What to do – Repeat the listing below in full and exactly, but without its pictures.

Data to use –

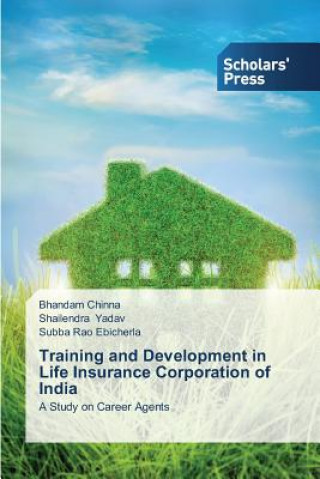 Książka Training and Development in Life Insurance Corporation of India Chinna Bhandam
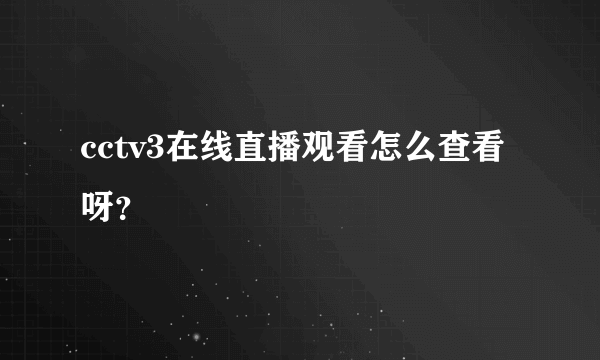 cctv3在线直播观看怎么查看呀？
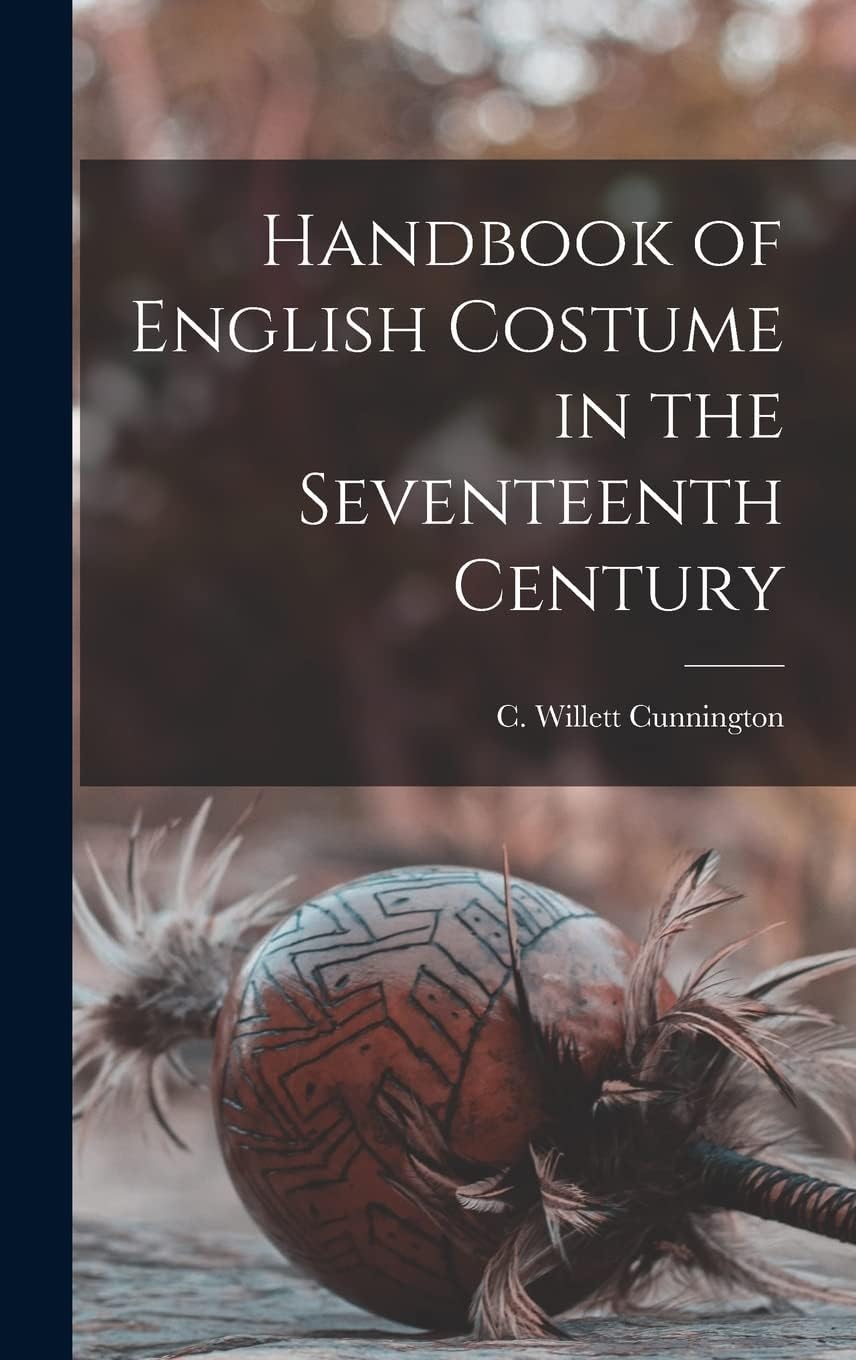 Handbook of English Costume in the Seventeenth Cen
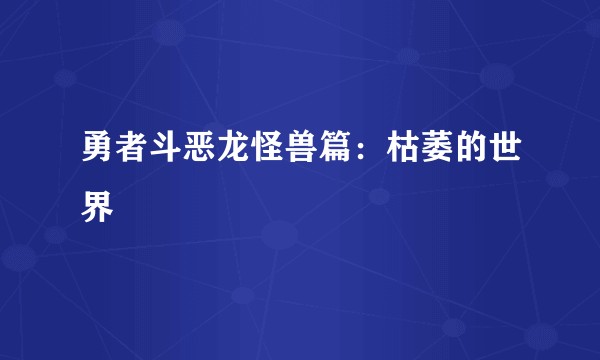 勇者斗恶龙怪兽篇：枯萎的世界
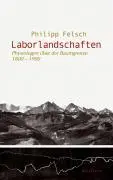 Cover: 9783835301597 | Laborlandschaften | Philipp Felsch | Taschenbuch | 254 S. | Deutsch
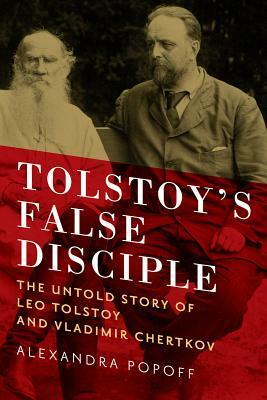 Tolstoy's False Disciple: The Untold Story of Leo Tolstoy and Vladimir Chertkov by Alexandra Popoff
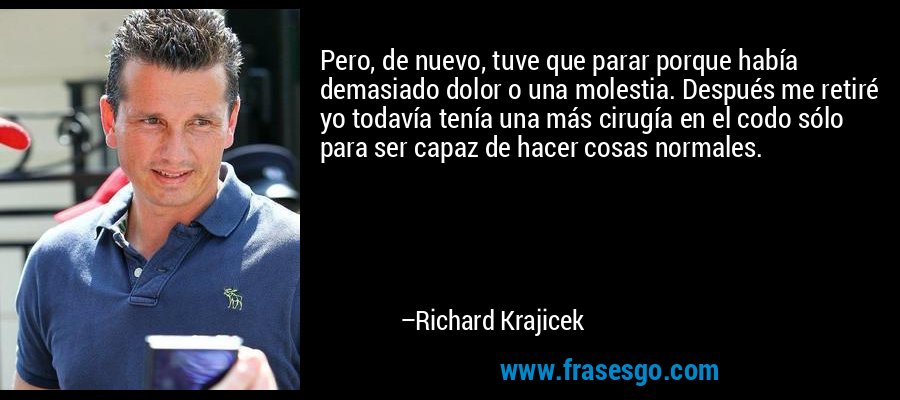 Pero, de nuevo, tuve que parar porque había demasiado dolor o una molestia. Después me retiré yo todavía tenía una más cirugía en el codo sólo para ser capaz de hacer cosas normales. – Richard Krajicek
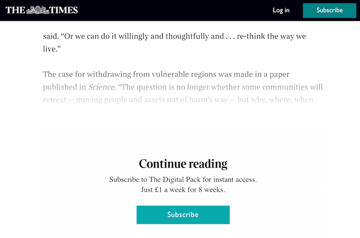 You can find paywalls on many websites that offer paid content 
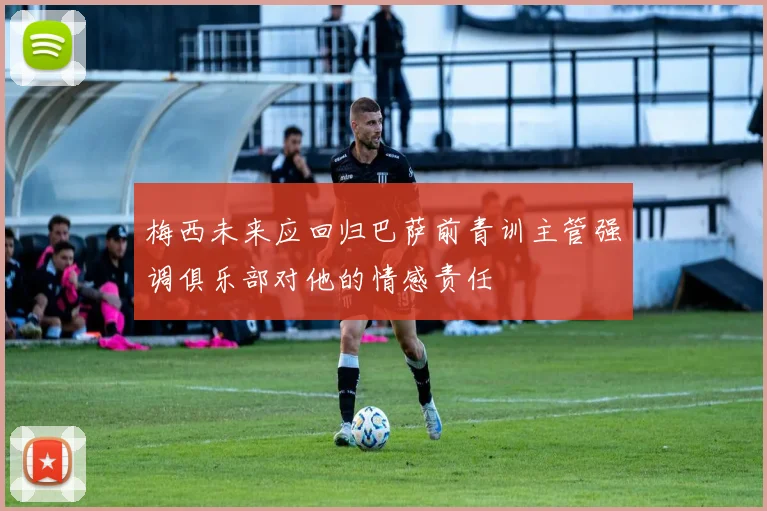 梅西未来应回归巴萨前青训主管强调俱乐部对他的情感责任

Solution to the problem –
 Książka Training and Development in Life Insurance Corporation of India Chinna Bhandam
 cctv3在线直播观看怎么查看呀？
 Handbook of English Costume in the Seventeenth Cen
 勇者斗恶龙怪兽篇：枯萎的世界
 Cover: 9783835301597 | Laborlandschaften | Philipp Felsch | Taschenbuch | 254 S. | Deutsch
 Tolstoy's False Disciple: The Untold Story of Leo Tolstoy and Vladimir Chertkov by Alexandra Popoff
 Pero, de nuevo, tuve que parar porque había demasiado dolor o una molestia. Después me retiré yo todavía tenía una más cirugía en el codo sólo para ser capaz de hacer cosas normales. – Richard Krajicek
 You can find paywalls on many websites that offer paid content 
 梅西未来应回归巴萨前青训主管强调俱乐部对他的情感责任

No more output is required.